İşin şakası bir yana, bizim Karacaoğlan olan Şakir Susuz’ un “Titreyen Dudaklar” kitabı, kendisi gibi, daha kapakla insanı çarpmaktadır. Bu kapak tasarımını yapan sayın Alpaslan Kıvanç’ ı kutluyorum. Ne biçim tasarım ? Tıpkı Şakir’ in gönül fırtınalarını ve gizemini anlatıyor. Ancak bu kadar muhteşem olur !
Kitabın sayfaları arasına girdiğimizde, baş sayfalarda yürek fırtınalarını bu eserde saklamaya çalışmış olduğunu görüyorum.
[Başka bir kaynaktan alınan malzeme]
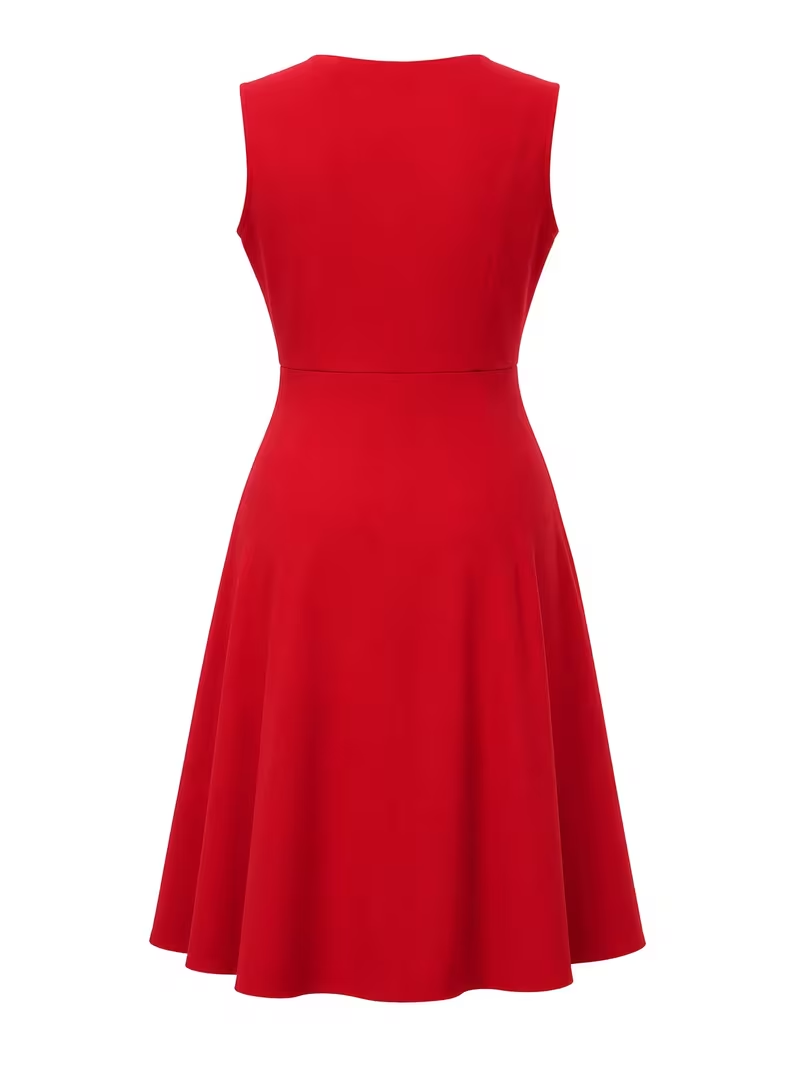 Plus Size Women Red Polka Dot  - огляд і ціна Women'S Red Formal Wear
Ne mi yapmış ? Anı şiirlerini, yurt güzellemelerini, kent dizelerini, köye hasretini, yaylaları, pınarları, nişanı, Akdağmadeni’ ni, annesinin vefatını, eşini ön plana almış. Hınzır seni ! Bizi bu sefer uyutacağını sanıyor ! Yemezler dostum !

Usul Boylu
Nihayet, kitabın 28’ nci sayfasından sonra, o fırtına, o deli tay yüreği bulabildim. Gizlemiş miş miş... “Usul Boylu” şiiriyle başlayan ve “Belli Değil” şiiriyle biten kısım asıl beni ilgilendiren....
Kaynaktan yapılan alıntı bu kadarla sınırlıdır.